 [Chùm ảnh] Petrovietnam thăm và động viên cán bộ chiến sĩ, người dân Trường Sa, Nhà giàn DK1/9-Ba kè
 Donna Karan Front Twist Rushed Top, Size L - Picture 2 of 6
════════════════
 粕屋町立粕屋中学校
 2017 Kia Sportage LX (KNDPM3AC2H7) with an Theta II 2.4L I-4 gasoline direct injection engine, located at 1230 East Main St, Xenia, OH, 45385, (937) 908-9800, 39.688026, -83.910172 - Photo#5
════════════════
● **The problem**
A verbatim transcription is needed of the lines above, starting at the line with "[Chùm ảnh] Petrovietnam" and ending at the line with "Donna Karan Front", both included, and of nothing else.

● **Task response**
 [Chùm ảnh] Petrovietnam thăm và động viên cán bộ chiến sĩ, người dân Trường Sa, Nhà giàn DK1/9-Ba kè
 Donna Karan Front Twist Rushed Top, Size L - Picture 2 of 6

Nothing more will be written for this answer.